- President spoke with Brazilian newspapers, TVs, radios
- Government working on tax, social security reform, she said
Brazilian President Dilma Rousseff said her government will work on structural reforms, particularly changes to the tax code, social security and industry regulations, to help reverse the country’s budget deficit and slow above-target inflation.
Budget cuts worth almost 104 billion reais ($25.7 billion) in 2015 were not enough to make up for lost tax revenue during what is forecast to be Brazil’s worst recession in decades, Rousseff told reporters from Brazilian newspapers, TV and radio on Thursday. It was her first formal press conference of the year and was restricted to local media.

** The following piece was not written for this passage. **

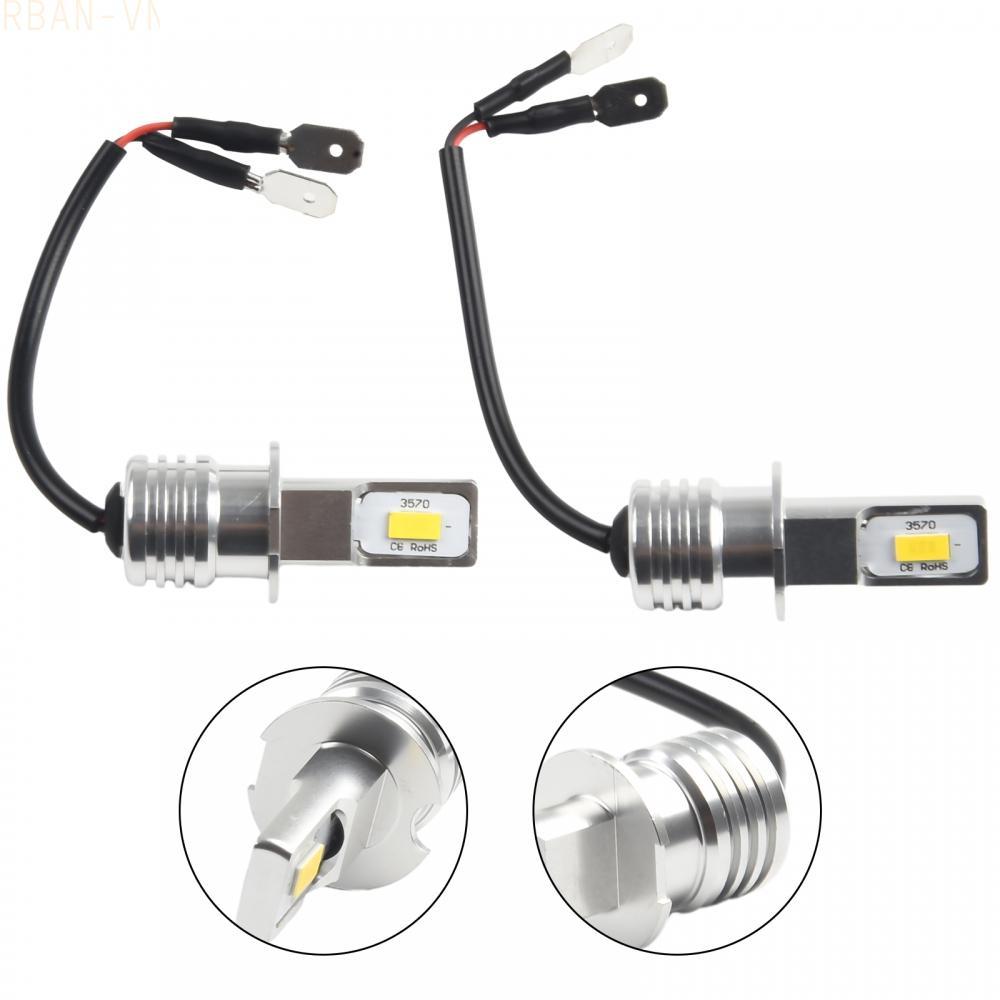2Pcs H3 LED Fog Light Bulb Conversion Kit Super Bright 3000K Yellow Long Lasting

Asked about possible subsidies for construction companies and car makers, Rousseff pledged the government will do everything it can “to guarantee growth in some sectors” of the economy. State development bank BNDES needs to provide financial support to smaller, “fragile companies,” she said.
Rousseff’s approval ratings fell to record lows in 2015, the first year of her second term, as a political crisis and a massive corruption investigation exacerbated economic losses from falling commodity prices. Analysts forecast Brazil will end 2016 with inflation approaching 7 percent and an economic contraction of about 3 percent.
Rousseff reaffirmed her commitment to economic stability and the government’s fiscal goal, which includes reaching a primary budget surplus of 0.5 percent of GDP this year. The primary budget excludes payments on interest.
“Our objective is to return as much as possible to the center of the inflation target,” the president said. “Reestablishing fiscal balance is fundamental to reduce inflation.”
Rousseff declined to comment on Brazil’s benchmark interest rate, saying the central bank president is the only person in the government who should talk about monetary policy.